COMMODITIES : Signs of Rising Hog Supply Drive Pork Futures Lower

From Associated Press

Pork futures posted steep losses Tuesday on the Chicago Mercantile Exchange, with frozen pork belly prices plunging their permitted daily limit of 2 cents a pound on indications of a sharp increase in hog supplies.

On other markets, grains and soybeans were higher; precious metals were lower; energy futures fell dramatically, and stock index futures advanced.

The weakness in pork was rooted in the cash hog markets, where larger-than-expected supplies of market-ready hogs pushed prices down $1.50 to $2 per hundredweight, said Tom O’Hare, livestock market analyst with Smith Barney, Harris Upham & Co. in New York.

“It was just a matter of too many available for what demand was coming,” he said.


Kills also were higher than expected with an estimated 321,000 hogs slaughtered Tuesday, compared to 307,000 on the same date a year ago.

An unusually large spring pig crop will ensure against supply problems this fall, and the amount of pork bellies and other pork products in cold storage remains at near-record levels.

The bearish sentiment spread to the adjacent cattle pits, where selling led to a modest deflation of cattle futures prices, according to O’Hare.

Live cattle settled 0.30 cent to 1.03 cents lower, with the contract for delivery in October at 70.97 cents a pound; feeder cattle were 0.10 cent to 0.62 cent lower, with September at 81.07 cents a pound; hogs were 1.27 cents lower to 0.60 cent higher, with October at 37.55 cents a pound, and frozen pork bellies were 1.77 cents to 2 cents lower, with February at 1.98 cents a pound.

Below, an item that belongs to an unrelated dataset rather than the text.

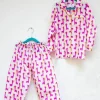 Pink Giraffe Block Printed Cotton Top & Pyjama Set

Crude-oil futures plunged to their lowest levels since October, 1986, on signs of continuing discord within the Organization of Petroleum Exporting Countries, analysts said.

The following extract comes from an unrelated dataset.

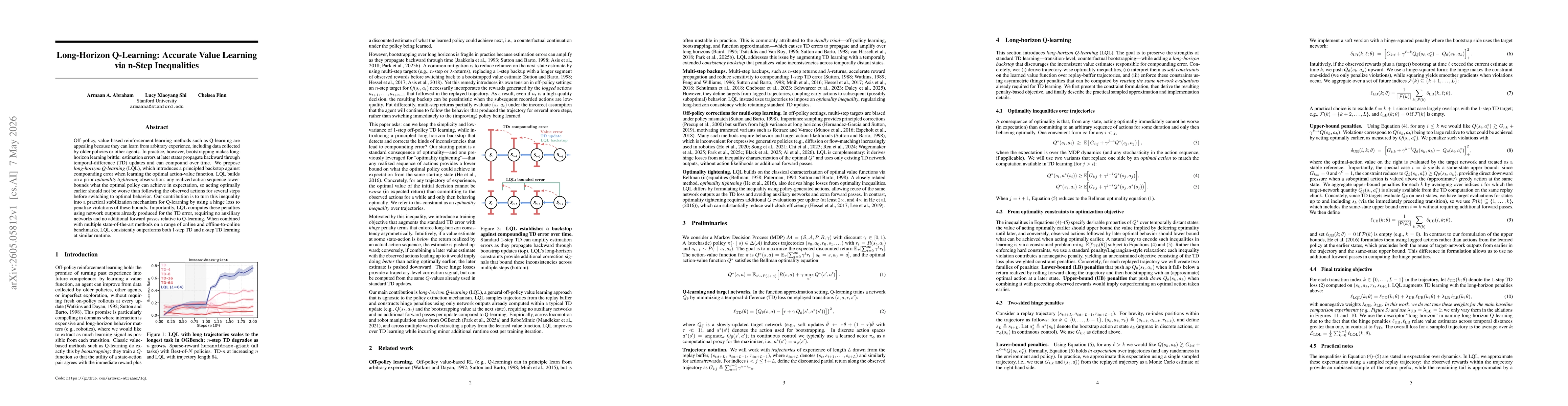 Thumbnail for Long-Horizon Q-Learning: Accurate Value Learning via n-Step Inequalities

West Texas Intermediate crude oil settled 36 cents to 55 cents lower, with October at $14.24 a barrel; heating oil was 1.17 cents to 1.39 cents lower, with October at 41.71 cents a gallon, and unleaded gasoline was 1.05 cents to 1.45 cents lower, with October at 42.53 cents a gallon.

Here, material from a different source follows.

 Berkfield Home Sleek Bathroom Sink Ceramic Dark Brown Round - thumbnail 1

Wheat futures prices on the Chicago Board of Trade settled at their highest levels since July 5--when the year’s highs were set--on a variety of signs construed as bullish for export sales. Other grains and soybeans also gained.

A Canadian government estimate that Canada would harvest 15.4 million metric tons of wheat, the smallest crop in 13 years, helped spur the wheat market, which had been rallying quietly for about two weeks, analysts said.


The report Friday from Statistics Canada prompted concerns that Canada may be forced to reduce its wheat exports.

New bids from Jordan and Iraq for U.S. wheat and expectations of new demand from other countries--including the Soviet Union--also supported wheat futures, said Katharina Zimmer, a grain analyst with Merrill Lynch Capital Markets in New York.

The USDA announced after the close that private exporters had sold 550,000 metric tons of U.S. corn to the Soviet Union for the 1988-89 marketing year and that an additional 252,400 metric tons of corn had been switched to the Soviet Union from other destinations.

Wheat settled 6 cents to 10 cents higher, with the contract for delivery in September at $4.095 a bushel; corn was 1.75 cents to 5 cents higher, with September at $2.935 a bushel; oats were 8 cents to 11.5 cents higher, with September at $2.71 a bushel, and soybeans were 8.5 cents to 17.25 cents higher, with September at $8.88 a bushel.


The inflation-sensitive precious metals futures declined modestly on New York’s Commodity Exchange, reflecting the opposing tugs of lower oil prices, which were bearish, and higher grain prices and a weaker dollar, which were bullish, analysts said.

Gold settled $2.60 to $2.70 lower, with October at $429.20 an ounce; silver was 3.3 cents to 3.8 cents lower, with September at $6.485 an ounce.